DATA RECORDS ▸
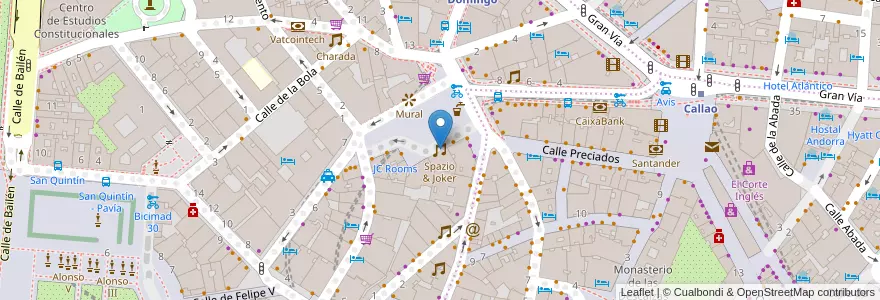 Mapa de ubicacion de Spazio & Joker en إسبانيا, منطقة مدريد, منطقة مدريد, Área Metropolitana De Madrid Y Corredor Del Henares, مدريد.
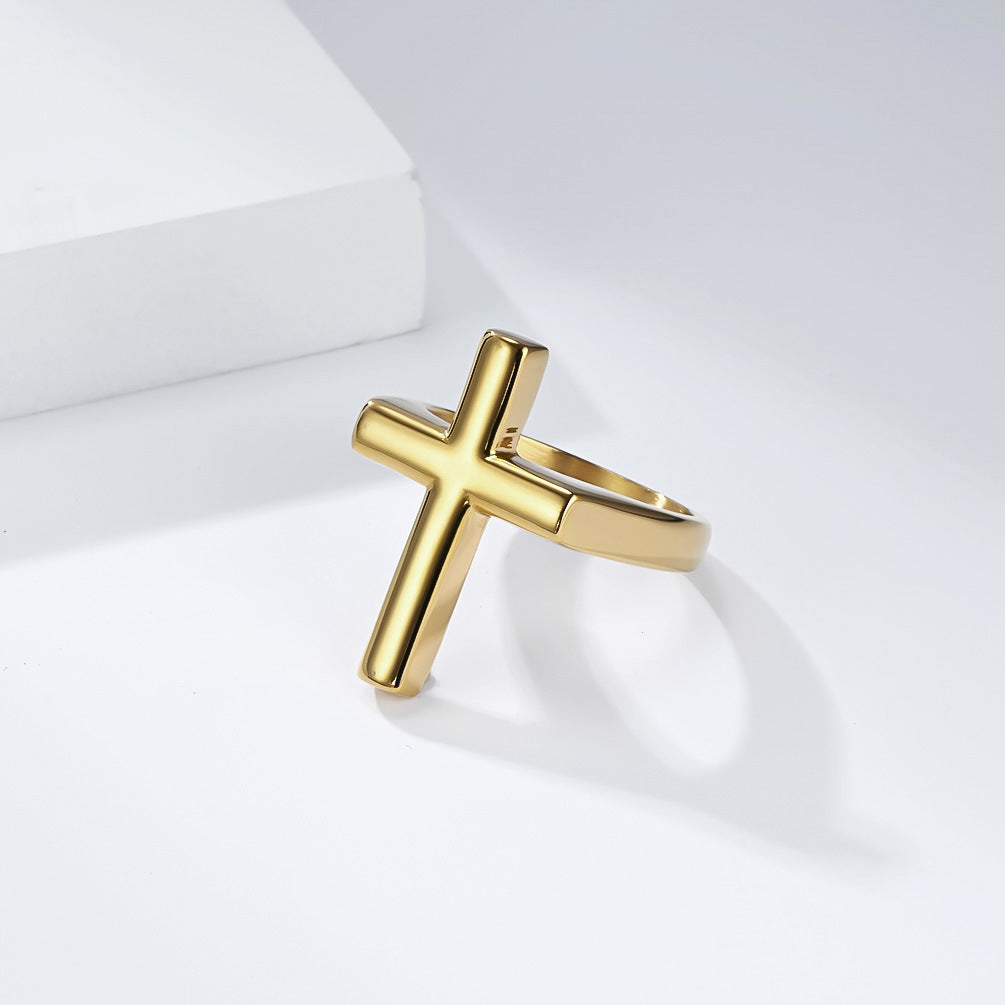 Planderful Everyday Genie Cross Ring for Men Titanium Steel Gold Plated Smooth Surface Street Fashion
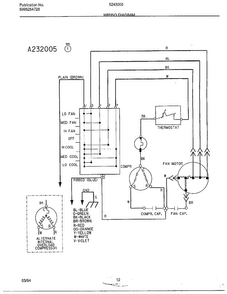 Wiring Diagram Diagram and Parts List for 5243000B  Frigidaire Air Conditioner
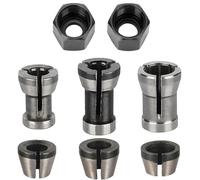 GERUI Juego de 8 portabrocas de acero de alta precisión para máquinas de carpintería y grabado, 6 adaptadores de abrazadera (6 mm, 6,35 mm, 8 mm) + 2 tuercas para máquina de grabado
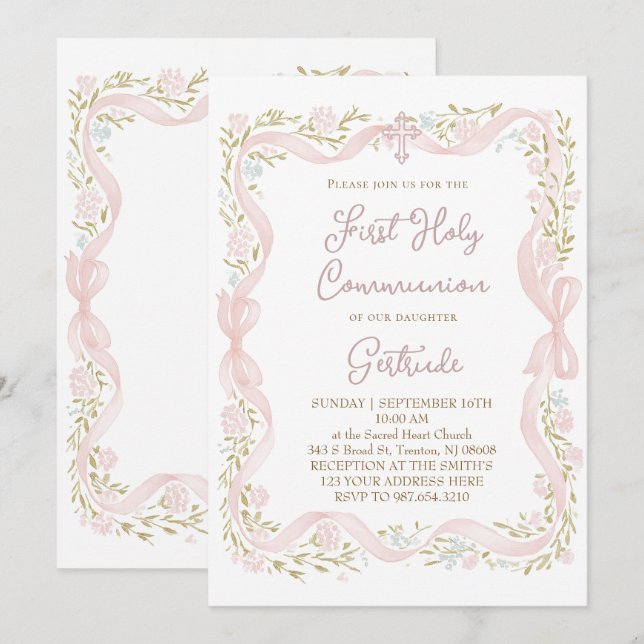 floral frame First Holy Communion Invitation (Front/Back)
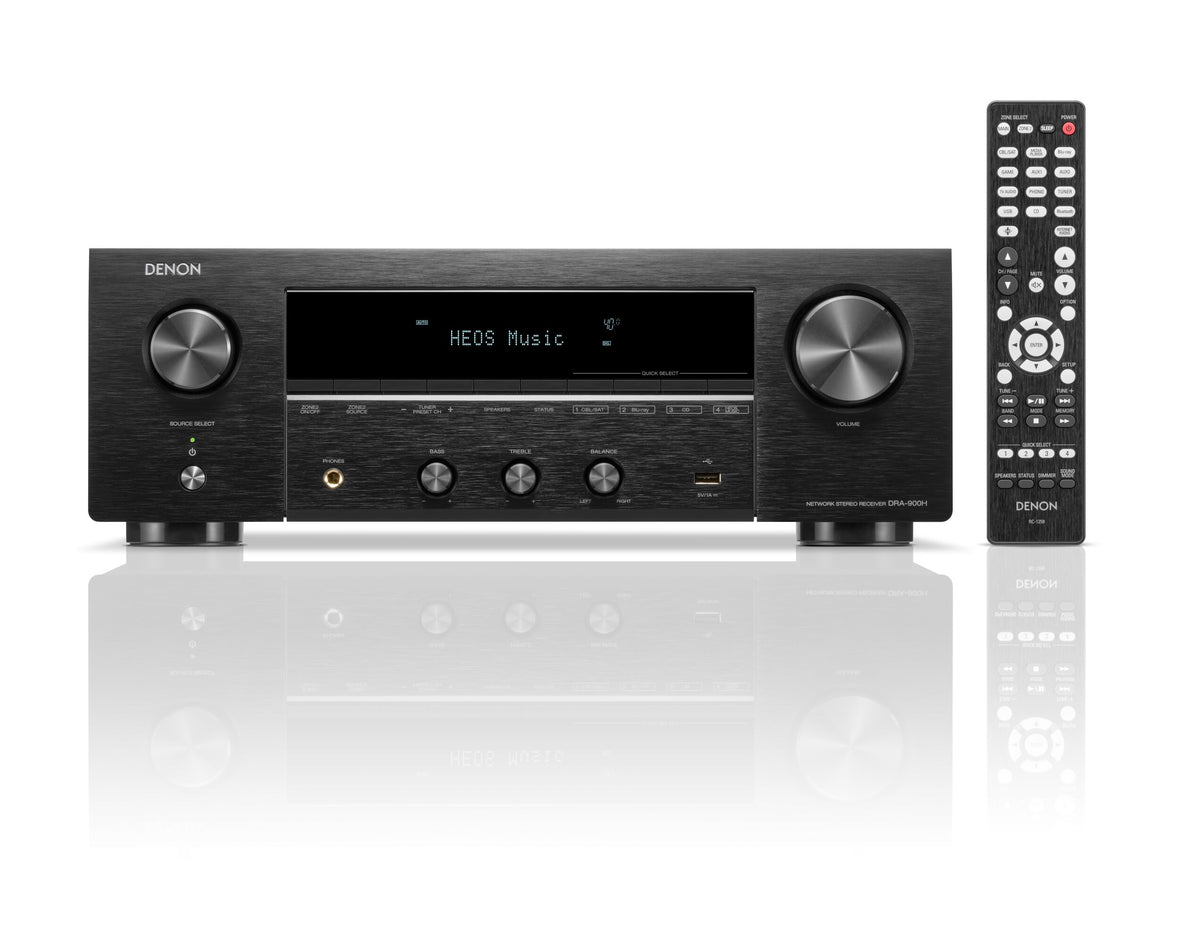 Denon DRA-900H front panel display for easy setup in a compact receiver.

EXERCISE GOAL ▸ Starting with the line that has "Planderful Everyday Genie" and ending with the last line of the records, retype every line exactly and only those lines. Do not include the pictures.

OUTPUT OF THE EXERCISE ▸
 Planderful Everyday Genie Cross Ring for Men Titanium Steel Gold Plated Smooth Surface Street Fashion
 Wiring Diagram Diagram and Parts List for 5243000B  Frigidaire Air Conditioner
 GERUI Juego de 8 portabrocas de acero de alta precisión para máquinas de carpintería y grabado, 6 adaptadores de abrazadera (6 mm, 6,35 mm, 8 mm) + 2 tuercas para máquina de grabado
 floral frame First Holy Communion Invitation (Front/Back)
 Denon DRA-900H front panel display for easy setup in a compact receiver.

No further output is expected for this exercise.